The woman’s face broke open into wrinkles, jowls and crooked, yellowed teeth, but she was standing in the only pool of light in the dusty place. Something nudged me into smiling back; there was nothing threatening about this particular mass of energy. The woman was pure ornery humor. “You look just like your grandma, Miss Kylie. Yes, I know all about the cottage and your family. Your daddy wanted us to look out for you here, but it looked like you wanted to be on your own for a while. Would you like to have lunch with me tomorrow?”
I nodded, but the iron taste of fear was clutching the insides of my mouth. I swallowed and imagined blood. “Yes,” jumped out of my sour mouth before I could stop it. Exactly how alone I’d been for months floored me. I hadn’t even noticed the silence with my busy brain shouting all that time. I extended my right hand for hers; it was the acid test.
Her eyes glittered like marbles—a smoky blue that is nearly gray, bagged eyelids hooding them but exposing honesty. She shook my hand, and I was sure of the goodwill emanating between us. I whispered, “My name is Kylie Timmons, and you’re right, I needed to be by myself for a while.”
She became serious and squeezed my hand, “Good to actually meet you, Kylie. I’m Agnes Burley and my husband,” she looked through the narrow aisle toward the back of the store, “who is out back somewhere, is Walt. Your daddy and Walt were in the same grade. But I remember your family, Miss Kylie. I’ll tell you all about them.”
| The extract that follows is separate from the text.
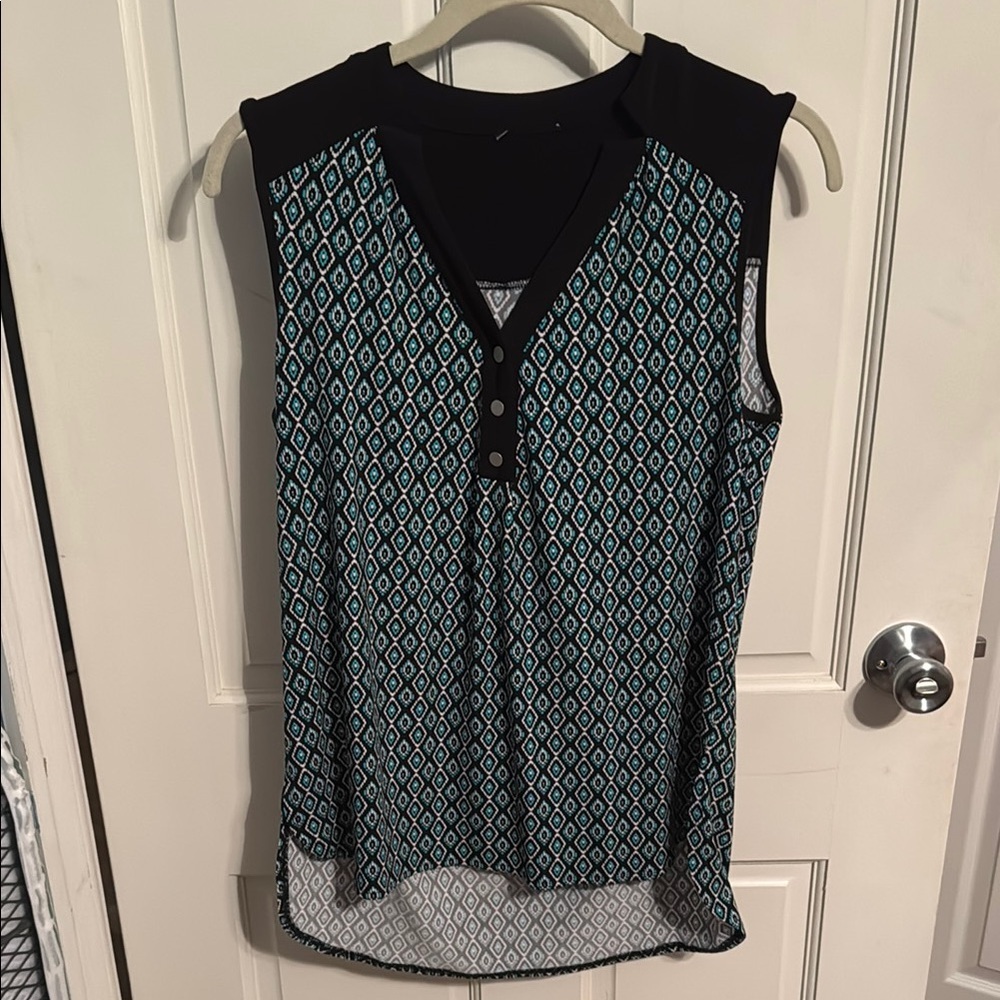 🏷️CLEARANCE🏷️Women's Sleeveless Geometric Top - Black and Blue‎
A wisp of unease floated through me, so I shivered. “The cottage has something to do with my family?” I cursed my one-track mind; a very nice woman was offering me information, and I was chewing, as my dad would say on the same old bone.
She nodded. Perhaps it hadn’t occurred to her that I would come without any information, “Oh, yes. The little houses, the grocery and the pond are all a part of your family history. Even the big house on the other side of the pond once belonged to your people. What have they been teaching you over there on the western shore?” She cackled out a little chuckle to show she was kidding. “Your father leased your cottage from us; we own a whole passel of places over there near the river and the pond.”
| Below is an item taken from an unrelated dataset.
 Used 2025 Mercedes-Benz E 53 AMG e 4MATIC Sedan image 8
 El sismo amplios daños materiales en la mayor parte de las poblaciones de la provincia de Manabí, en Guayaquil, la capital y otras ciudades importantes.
I smiled at the reference to the geography that now separated me from my old life in the city. The divide of the bridge spanning the Chesapeake Bay was wider than the few miles it traversed. On this side, I could live in the little cottage for months without anyone questioning my presence. The tenant who lived upstairs hadn’t even been introduced for a few weeks, and after three months, we only nodded coming and going.